There had been a lot of coverage of
the story already, from the BBC and major American magazines, to The Age and ABC local radio in Hobart.
The media interest had begun soon after Saroo found his mother, brother and
sister in Khandwa, the small regional centre in Madhya Pradesh in the central
west of India that was his birthplace. Neighbours had initially joined in the
celebration, but word soon spread through the working class suburb of Ganesh
Talai where they lived, and then through the entire town, and before long
people were thronging in to see him, the small boy who had vanished so long ago
and come home as a grown man, from halfway around the world. The next day the local media was onto the
story, and word spread much farther afield, with crews flying in to cover the
story and take it to all corners of India. That was when the international
media got hold of it, and, ultimately, Penguin gained the rights for a book. It
had all happened in the space of just a few months.
‘I was pretty amazed,’ Saroo told
me, at our first recording session. He speaks with the laconic, matter-of-fact
delivery of many Australians. ‘It was obviously a big thing for me personally,
but I never could have imagined it would be of such interest to so many others.
Sometimes I just had to go back to my hotel room in Khandwa to get away from
it, it was so intense.’
Now he was sitting in another hotel
room in Hobart, and telling the story again, only this time it would be the
account of his entire life, where he had grown up in Khandwa, and how he had
become lost on that fateful night, the train journey across India, survival on
the streets of Calcutta, and everything that followed.
I took the questioning back to his
earliest memories, his family, his mother and father. His father was Muslim,
and his mother Kamla was Hindu. He told me of the shocking day his father had
arrived home with another woman and said she was now his wife. Kamla and the
four children had to go and live elsewhere.
Saroo told me his
name was an Anglicised version of Sheru, which means “Lion”. I asked his
father’s surname, and he said it was Khan.

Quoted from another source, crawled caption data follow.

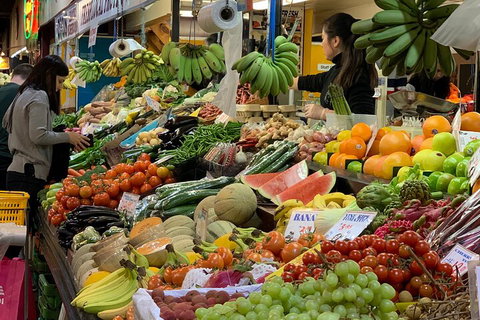Small-Group Adelaide Central Market Early Breakfast Tour - Accommodation NSW 4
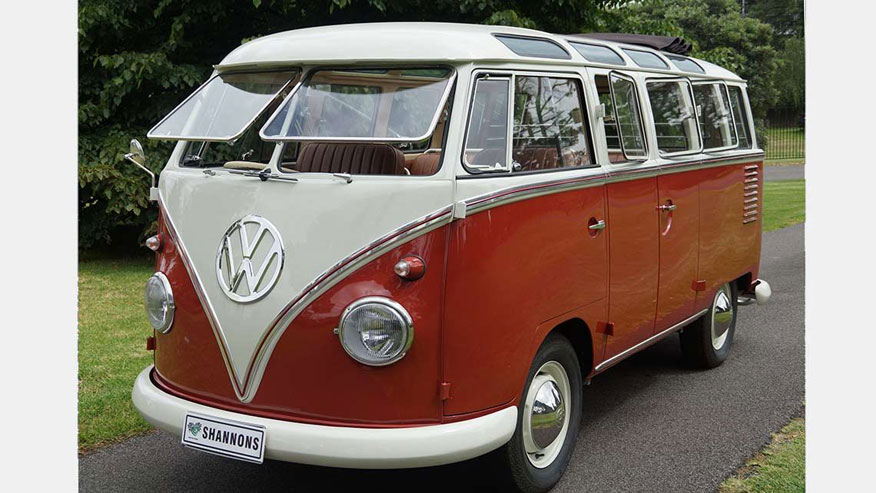Volkswagen Type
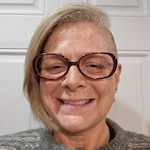 DIANA K. - Burgundy - oval - acetate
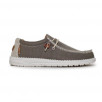 chaussures homme DUDE Wally Eco Sox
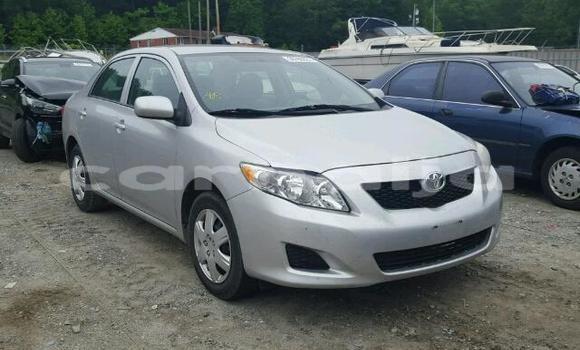Acheter Occasion Voiture Toyota Corolla Beige à Lagos, État de Lagos Acheter Occasion Voiture Toyota Corolla Beige à Lagos, État de Lagos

‘That means “emperor” or “king”, I think,’ I said. ‘So there you are -
you’re the Lion King!’
Over the next few days we pieced
together his childhood, and how his elder brother Guddu had become a
breadwinner, working as a sweeper on trains, while his mother worked carrying
large stones on her head for building sites and roads. They only made a
pittance between them, however, and often the children had to forage, stealing
tomatoes, and in one hair-raising episode in which they nearly got caught, for
eggs.
Between interview sessions, Saroo
would go home, search his memories, write down notes and bullet points, and
then we would sit down together and go over his recollections again. Some
memories were clearer, but others we needed to go over again and again, because
his memories were hazy, or something wasn’t quite adding up.

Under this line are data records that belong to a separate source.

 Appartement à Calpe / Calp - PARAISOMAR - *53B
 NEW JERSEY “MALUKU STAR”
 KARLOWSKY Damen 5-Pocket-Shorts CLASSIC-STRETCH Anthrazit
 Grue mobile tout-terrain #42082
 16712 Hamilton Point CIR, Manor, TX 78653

One of the early issues I raised was
his memory of the train journey across India. His recollection was that on the
night he got lost, he had gone to the local railway station with Guddu, and
they had taken a train to the nearby town of Burhanpur, where Guddu was working
at the station. It had been a spur of the moment decision, and it was already
mid evening when they got there, and five year old Saroo was tired. His brother
had gone off to do his work, and Saroo had stretched out on a bench to sleep.
When he awoke some time later, it was still the dead of night, and he had
called for his brother, but got no answer.

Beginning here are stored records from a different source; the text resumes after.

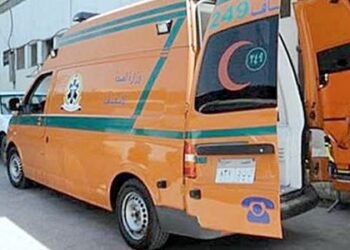 مصرع شاب وإصابة 2 آخرين إثر مشاجرة بالأسلحة النارية بين عائلتين بمركز طامية في الفيوم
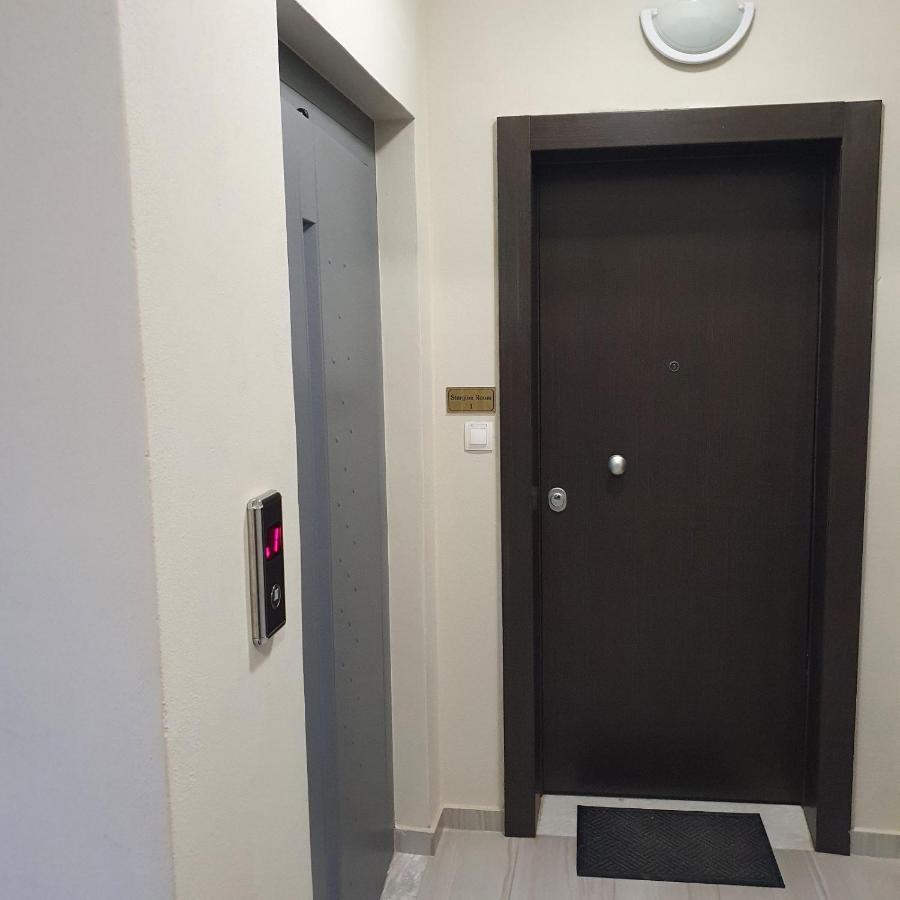 Stergiou Room 沃洛斯 外观 照片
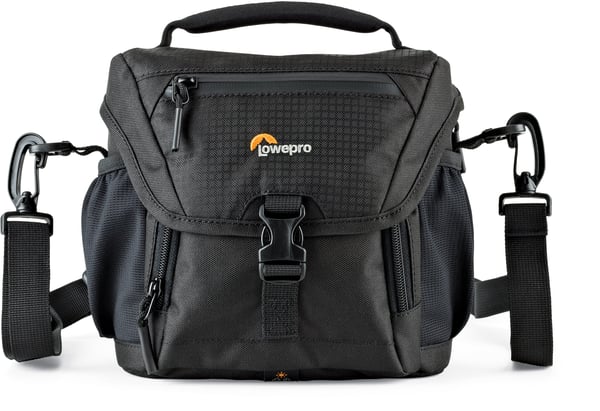 Lowepro Nova 140 AW II, svart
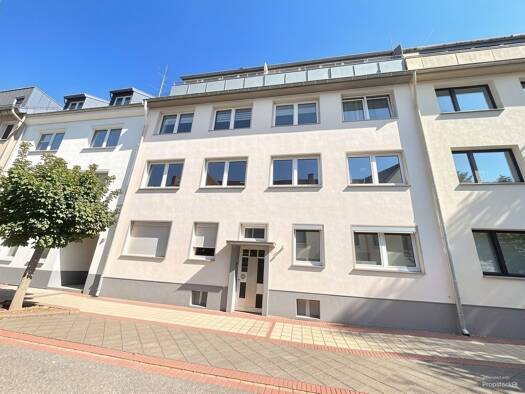 Wohnung zur Miete 550 € 3 Zimmer 68 m² 1. Geschoss Jülich Jülich 52428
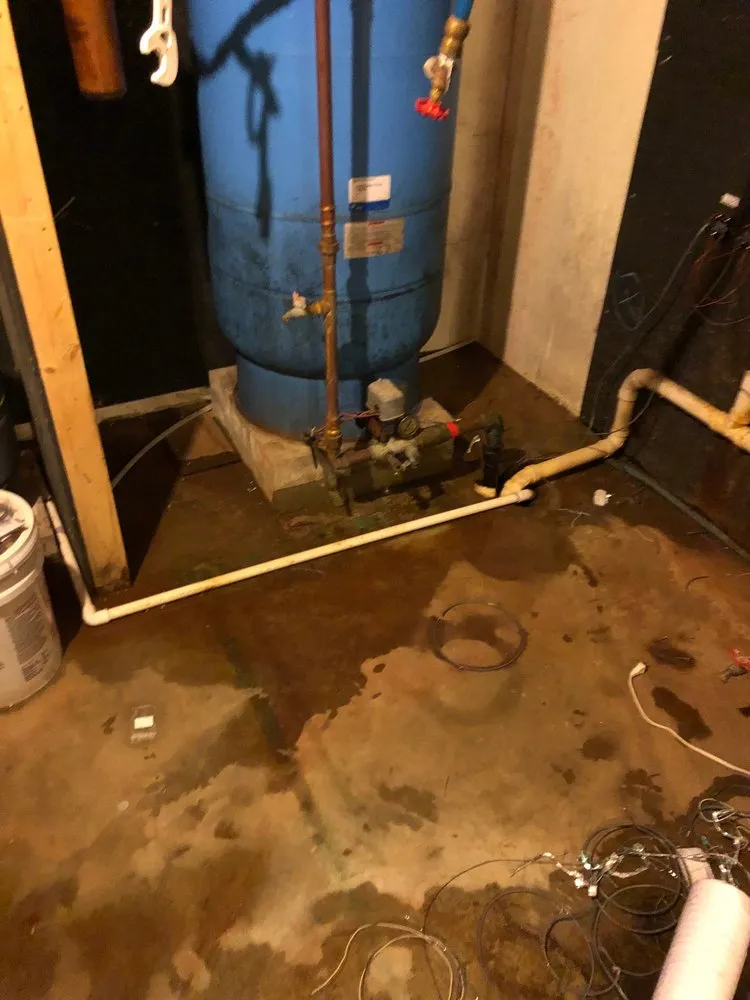 Slide of Sentinel HydroSolutions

Then he saw that a train had drawn up at the platform, its doors open,
and he thought his brother might be on it, sweeping up papers and peanut
shells, as he often did on-board trains as well as on the platforms. Soon after
Saroo got on board, however, the doors had clanged shut and the train started
moving, and so his horror journey, locked on board a train going to the far
side of India, had begun.
His memory was that he had spent a
night the train, and it had arrived the next day in Calcutta. He had told as
much to an American magazine reporter who had visited Hobart not long before to
write a major feature story, and who had reported it as a journey of some 13
hours. But one look at an online map made me doubt very much that an Indian
train could travel all that distance in such a short time. I had travelled a
fair bit on Indian trains, and one thing I knew was they never got anywhere
fast.
Also, I wondered why there had been
no-one else in the carriage for him to speak with, or why he hadn’t managed to
call out to people on the platforms at stops along the way. This sort of detail
Saroo was not at all sure of, and said that as a very small child alone with no
money, no ID, just the shirt and shorts he was dressed in, he must have lapsed
into some kind of semi-conscious state.
That made sense, and was at least a
partial explanation. It also helped make sense of the discovery I made on the
Indian Railways site that even now, 25 years later, it still takes the only
train that goes direct from Burhanpur to
Calcutta a full 32 hours to make the journey - more than double what the American
magazine had reported.
After each day’s work I would have
dinner and then return to the computer to start roughing the book out. Saroo
would email in extra pieces of information – something he had just recalled, or
an answer to a question that had hadn’t been able to remember at the time.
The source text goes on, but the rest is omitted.